===== Provided records =====

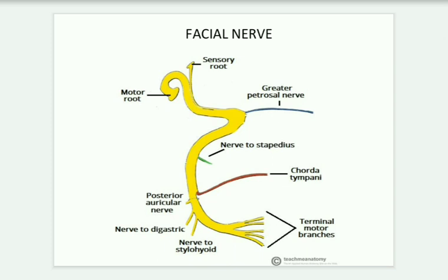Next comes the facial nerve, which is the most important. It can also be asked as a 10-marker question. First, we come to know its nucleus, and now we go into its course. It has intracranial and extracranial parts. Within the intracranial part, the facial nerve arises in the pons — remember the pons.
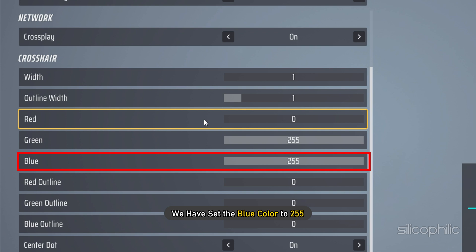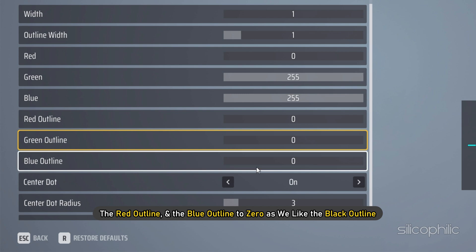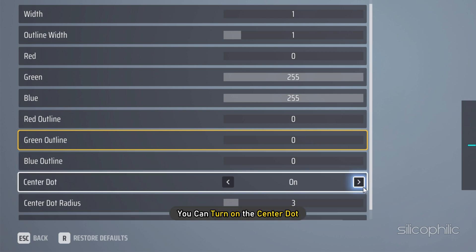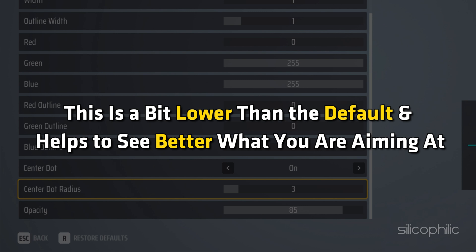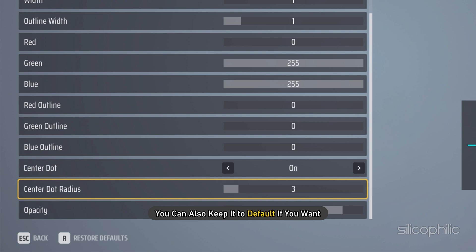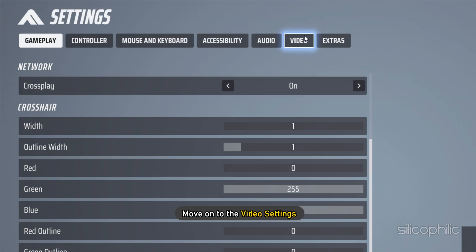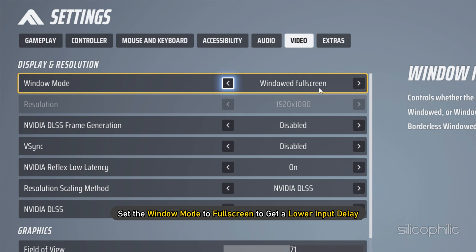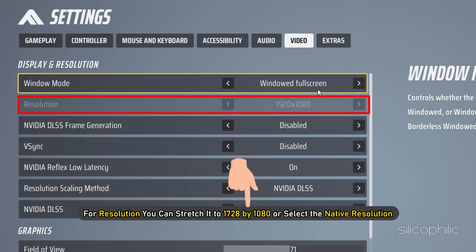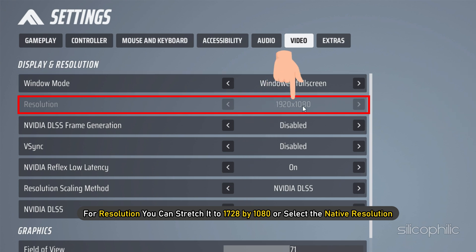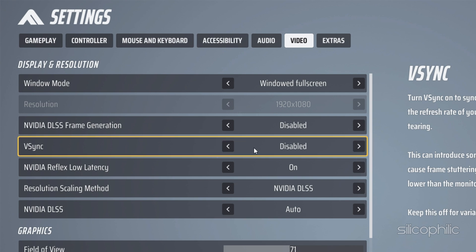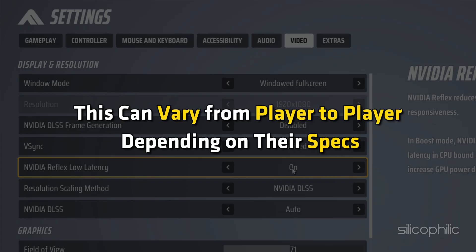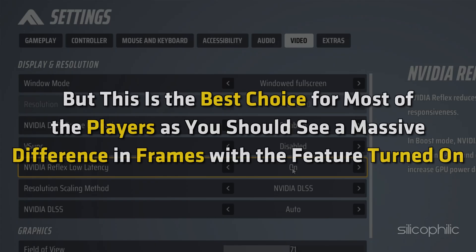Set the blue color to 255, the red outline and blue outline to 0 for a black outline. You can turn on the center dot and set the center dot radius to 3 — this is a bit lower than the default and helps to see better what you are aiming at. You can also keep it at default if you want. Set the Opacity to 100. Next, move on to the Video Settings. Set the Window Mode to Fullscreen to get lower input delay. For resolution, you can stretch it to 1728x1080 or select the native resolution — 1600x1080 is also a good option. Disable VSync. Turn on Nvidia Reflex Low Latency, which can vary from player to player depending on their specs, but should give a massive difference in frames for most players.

=====
===== Provided records =====

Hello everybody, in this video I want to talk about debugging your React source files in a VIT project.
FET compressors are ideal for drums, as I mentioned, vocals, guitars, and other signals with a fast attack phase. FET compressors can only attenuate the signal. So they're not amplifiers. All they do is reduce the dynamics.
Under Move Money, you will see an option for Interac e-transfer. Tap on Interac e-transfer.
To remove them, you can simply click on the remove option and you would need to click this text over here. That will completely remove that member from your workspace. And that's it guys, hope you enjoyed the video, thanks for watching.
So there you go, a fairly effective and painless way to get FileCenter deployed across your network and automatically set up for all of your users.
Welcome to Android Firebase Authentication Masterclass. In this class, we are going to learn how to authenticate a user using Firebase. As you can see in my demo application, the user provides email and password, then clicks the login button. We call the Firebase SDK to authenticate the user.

=====

The task: Beginning with the line holding "Next comes the" in the material above, restate word for word each line through the line holding "Set the blue", and exclude pictures.

Answer box:
Next comes the facial nerve, which is the most important. It can also be asked as a 10-marker question. First, we come to know its nucleus, and now we go into its course. It has intracranial and extracranial parts. Within the intracranial part, the facial nerve arises in the pons — remember the pons.
Set the blue color to 255, the red outline and blue outline to 0 for a black outline. You can turn on the center dot and set the center dot radius to 3 — this is a bit lower than the default and helps to see better what you are aiming at. You can also keep it at default if you want. Set the Opacity to 100. Next, move on to the Video Settings. Set the Window Mode to Fullscreen to get lower input delay. For resolution, you can stretch it to 1728x1080 or select the native resolution — 1600x1080 is also a good option. Disable VSync. Turn on Nvidia Reflex Low Latency, which can vary from player to player depending on their specs, but should give a massive difference in frames for most players.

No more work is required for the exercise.